**Description of the task:** Please restate word for word the lines of the entries below from the one with "Weihnachtskrippe Schwarz Weiß" to the one with "Chic Red Turkish", inclusive, and leave out every picture.

**Given records:**
--------------------------------------------------

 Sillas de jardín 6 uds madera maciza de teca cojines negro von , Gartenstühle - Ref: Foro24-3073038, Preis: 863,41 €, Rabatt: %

--------------------------------------------------

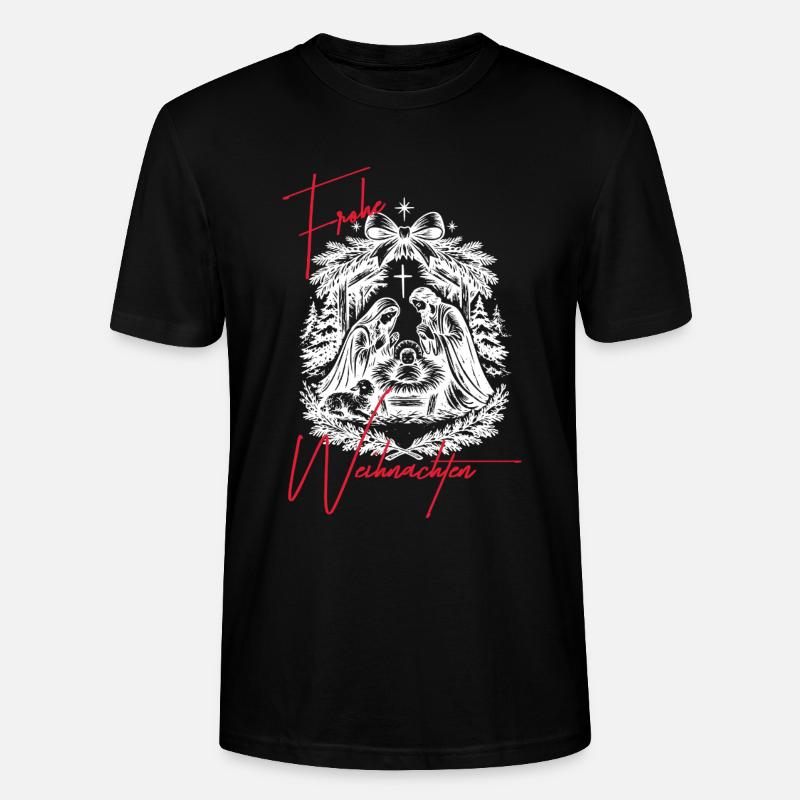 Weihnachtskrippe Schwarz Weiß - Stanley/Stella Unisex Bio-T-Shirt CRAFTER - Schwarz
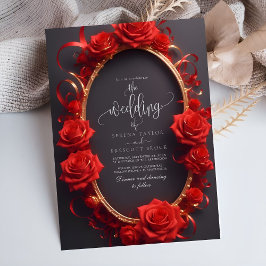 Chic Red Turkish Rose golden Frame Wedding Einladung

--------------------------------------------------

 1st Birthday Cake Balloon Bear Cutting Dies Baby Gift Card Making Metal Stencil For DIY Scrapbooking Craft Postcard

--------------------------------------------------

**Answer to this problem:**
 Weihnachtskrippe Schwarz Weiß - Stanley/Stella Unisex Bio-T-Shirt CRAFTER - Schwarz
 Chic Red Turkish Rose golden Frame Wedding Einladung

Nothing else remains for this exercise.